Um futuro melhor que vão aguardado, enquanto no interior do supermercado esperam que chegue a hora de dar início à limpeza daquele espaço.
A partir de um cenário aparentemente realista, outros espaços vão ganhando forma até se chegar a um passado bastante distante. O passado de Juliana, a moçambicana de 77 anos, e o orfanato de padres holandeses e italianos onde foi parar depois de retirada de casa dos pais.
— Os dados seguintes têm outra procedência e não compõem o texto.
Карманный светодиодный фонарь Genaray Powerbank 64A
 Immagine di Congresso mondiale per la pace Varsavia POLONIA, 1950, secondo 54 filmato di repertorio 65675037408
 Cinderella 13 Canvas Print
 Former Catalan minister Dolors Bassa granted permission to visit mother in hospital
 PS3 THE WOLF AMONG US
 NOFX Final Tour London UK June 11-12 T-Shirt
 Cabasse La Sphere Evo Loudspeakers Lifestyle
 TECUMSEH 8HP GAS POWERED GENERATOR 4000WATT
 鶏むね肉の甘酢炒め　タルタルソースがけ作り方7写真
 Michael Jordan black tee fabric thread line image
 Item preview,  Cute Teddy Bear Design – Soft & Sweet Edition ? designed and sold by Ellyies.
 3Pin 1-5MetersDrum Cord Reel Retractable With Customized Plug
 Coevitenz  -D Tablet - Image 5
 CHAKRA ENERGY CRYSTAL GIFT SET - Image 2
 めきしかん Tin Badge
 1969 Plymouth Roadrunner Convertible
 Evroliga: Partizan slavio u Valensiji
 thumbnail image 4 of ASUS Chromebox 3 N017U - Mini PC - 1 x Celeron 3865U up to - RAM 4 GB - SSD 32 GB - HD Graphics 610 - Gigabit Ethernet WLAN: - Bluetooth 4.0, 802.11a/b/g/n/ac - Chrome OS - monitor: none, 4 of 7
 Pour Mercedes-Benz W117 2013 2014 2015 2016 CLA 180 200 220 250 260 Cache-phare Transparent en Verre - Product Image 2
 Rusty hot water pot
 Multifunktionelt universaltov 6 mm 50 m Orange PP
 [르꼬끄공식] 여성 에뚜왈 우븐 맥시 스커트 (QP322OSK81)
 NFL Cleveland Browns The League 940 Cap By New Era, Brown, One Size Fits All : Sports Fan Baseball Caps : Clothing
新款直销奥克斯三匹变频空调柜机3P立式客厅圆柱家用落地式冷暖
E onde aprendia latim.
Uma intérprete/personagem que, para Marco Martins, “encapsula toda estas questões que têm a ver esta constante migração das nossas ex-colónias, as várias vagas sucessivas e as várias famílias que foram sendo destruídas de alguma forma com essa imigração”, conclui.
Com música de Tia Maria Produções, movimento de Vânia Rovisco, apoio dramatúrgico de Rita Quelhas, cenografia de fala de atelier, desenho de luz de Nuno Meira e sonoplastia e operação de som de Vítor Santos, “Pêndulo” fica em cena na sala Luis Miguel Cintra, do Teatro S. Luiz, até 18 de junho, om sessões à sexta-feira e sábado, às 20:00, e, ao domingo, às 17:30.
A estreia da peça realiza-se no Dia de Portugal, de Camões e das Comunidades, 10 de junho, no Auditório Municipal Augusto Cabrita, no Barreiro.
A 24 de junho estará em cena no Fórum Municpal Luísa Todi e, em 22 de dezembro, no Teatro Municipal Joaquim Benite, em Almada.
Em 2024, será apresentada no Arena de Sole, em Bolonha (dias 26 e 27 de janeiro), a 02 e 03 de fevereiro, no Teatro Municipal do Porto/Campo Alegre, e dia 10 de fevereiro, no Cine-Teatro Joaquim de Almeida, no Montijo.